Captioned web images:
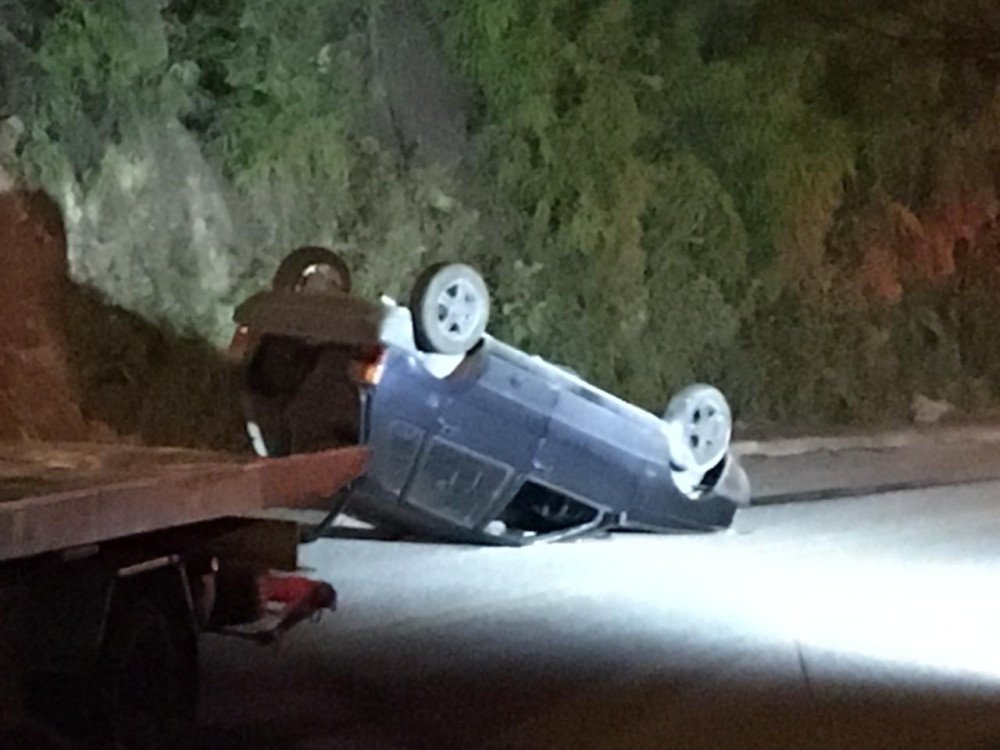 Vídeo: motorista tenta fugir da polícia, capota carro e fica ferido em Blumenau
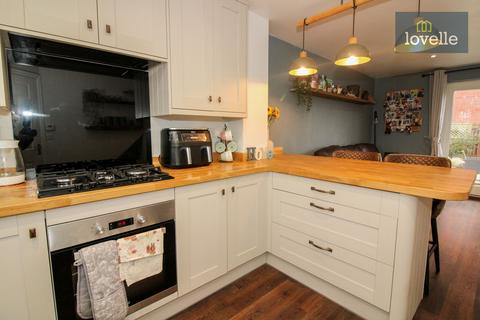 3 bedroom end of terrace house for sale, Canal Close, Louth, LN11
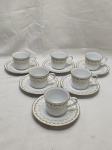 Jogo de 6 xícaras de café em porcelana japonesa Noritake estampa verde floral com friso ouro. Medindo 6,5cm x 5,5cm de altura.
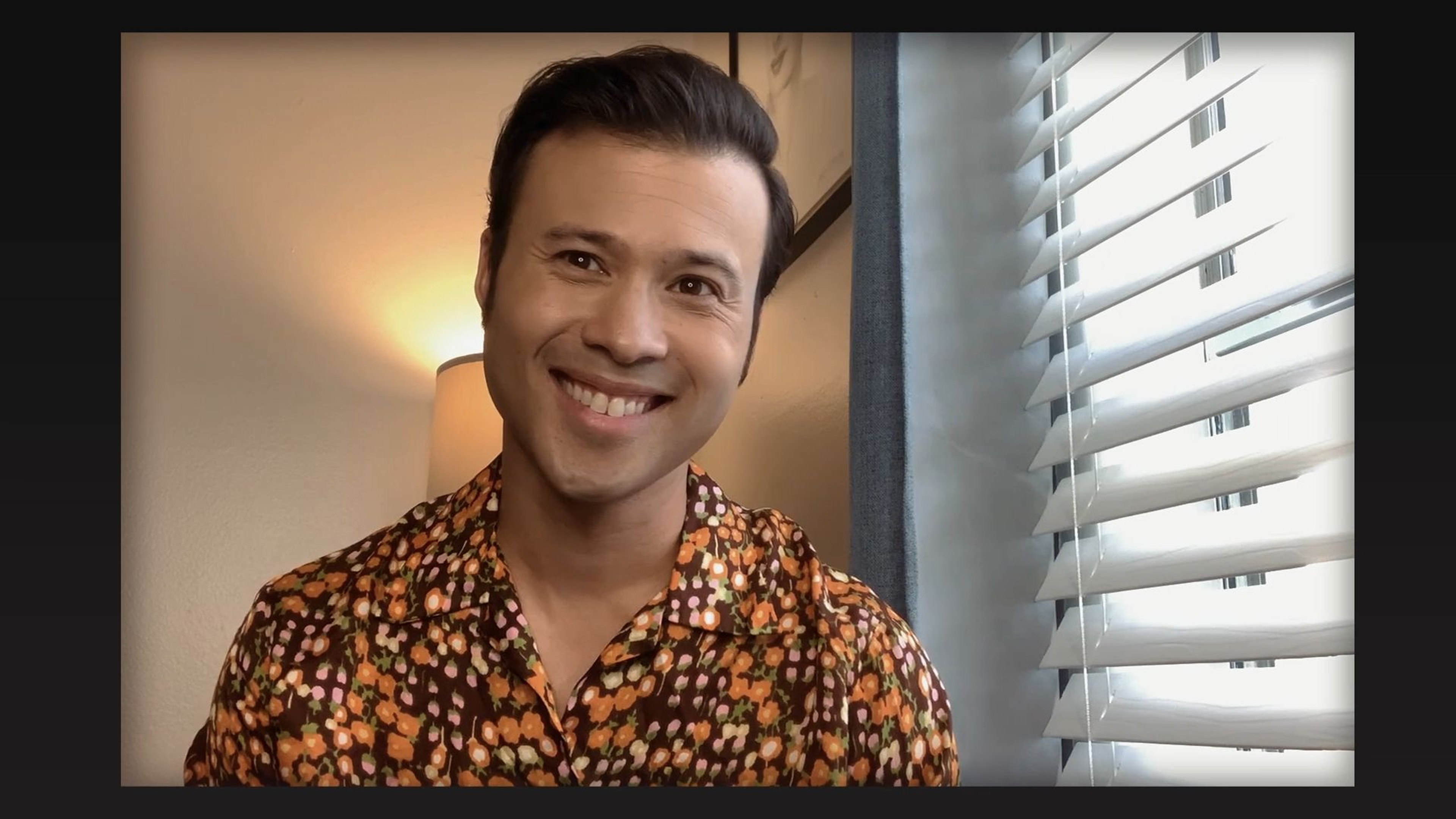 So Far, So Close - S1: E3 - "Seen"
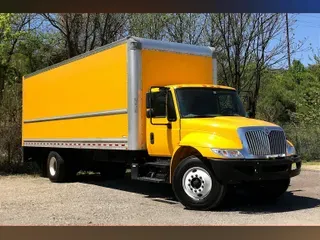 2018 International 4300 SBA 4X2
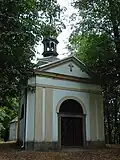 Kaple před vykácením okolních stromů (2006)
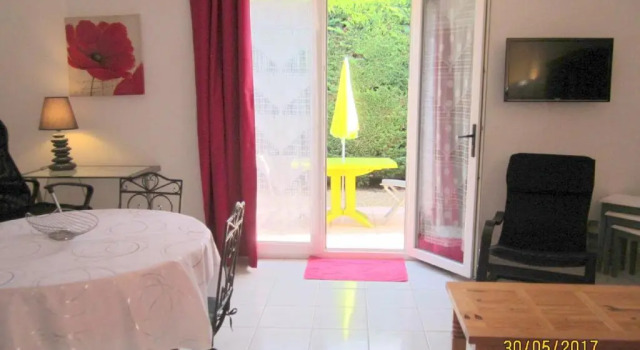 Villa ClaireLou, Book Villa Sommerhuse i Pertuis, Hytte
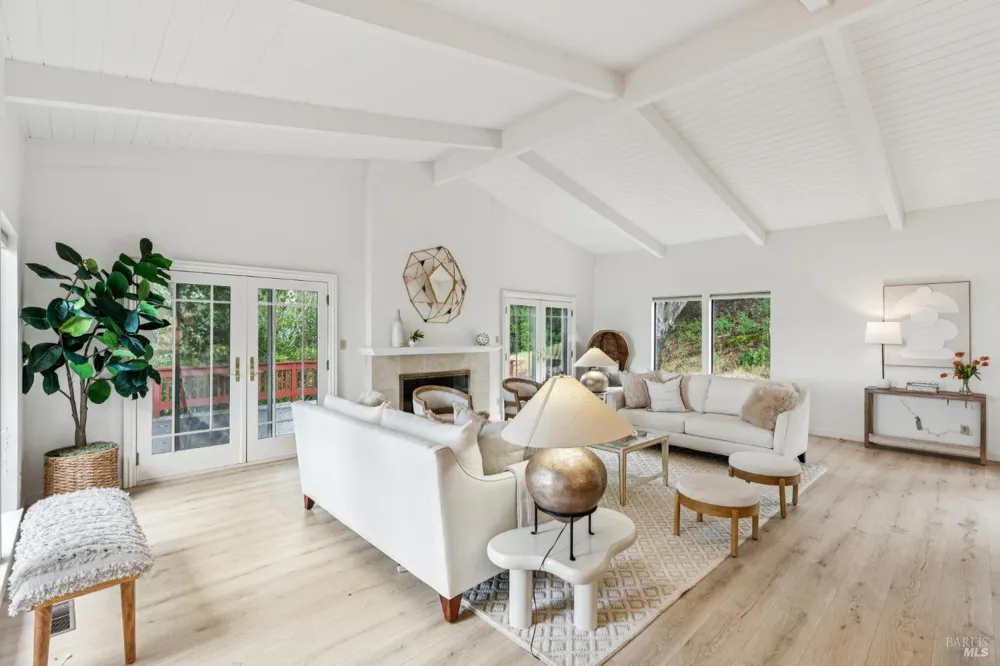 99 Glenside Way San Rafael, CA 94903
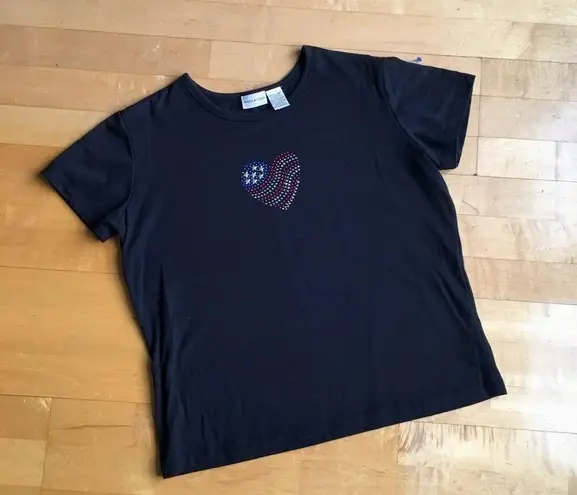 White Stag Crystal, Bling, Rhinestone Heart Tee, Black, Red, White, Blue, Size L
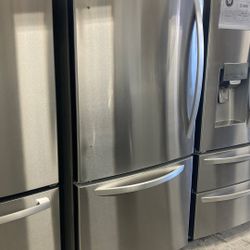 Bottom Freezer Refrigerator 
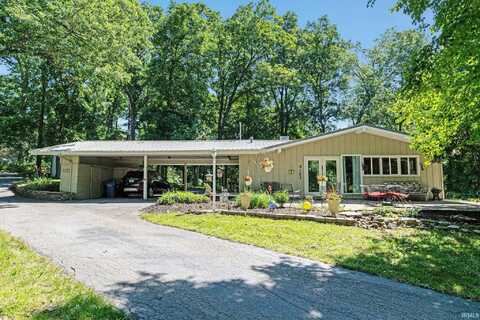 8127 E US 33 Highway, Churubusco, IN 46723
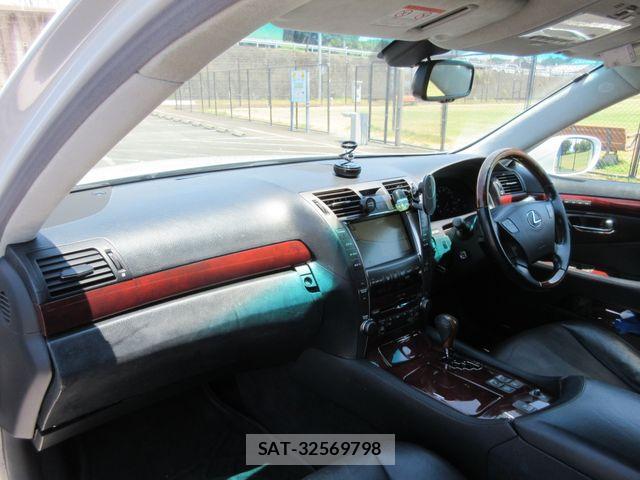 Lexus LS 2006-11 8230623-22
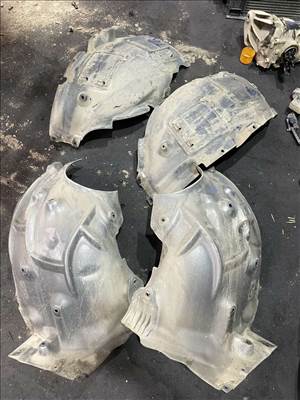 Bmw f20 első dobbetét szett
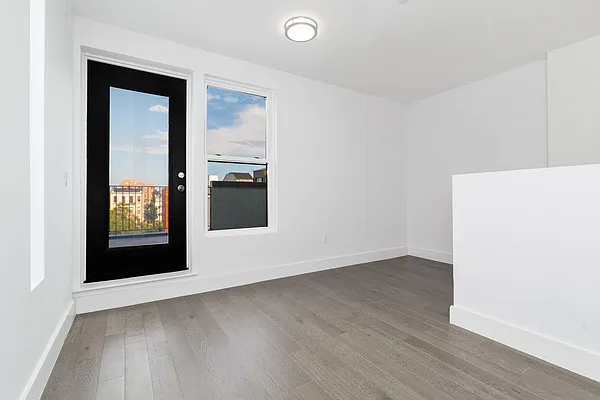 Rented by REAL New York | media 14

:: EXERCISE ::
Pick up at the line containing "Villa ClaireLou, Book" and copy each line exactly until the data ends, including that last line; copy no pictures.

:: EXPECTED OUTPUT ::
 Villa ClaireLou, Book Villa Sommerhuse i Pertuis, Hytte
 99 Glenside Way San Rafael, CA 94903
 White Stag Crystal, Bling, Rhinestone Heart Tee, Black, Red, White, Blue, Size L
 Bottom Freezer Refrigerator 
 8127 E US 33 Highway, Churubusco, IN 46723
 Lexus LS 2006-11 8230623-22
 Bmw f20 első dobbetét szett
 Rented by REAL New York | media 14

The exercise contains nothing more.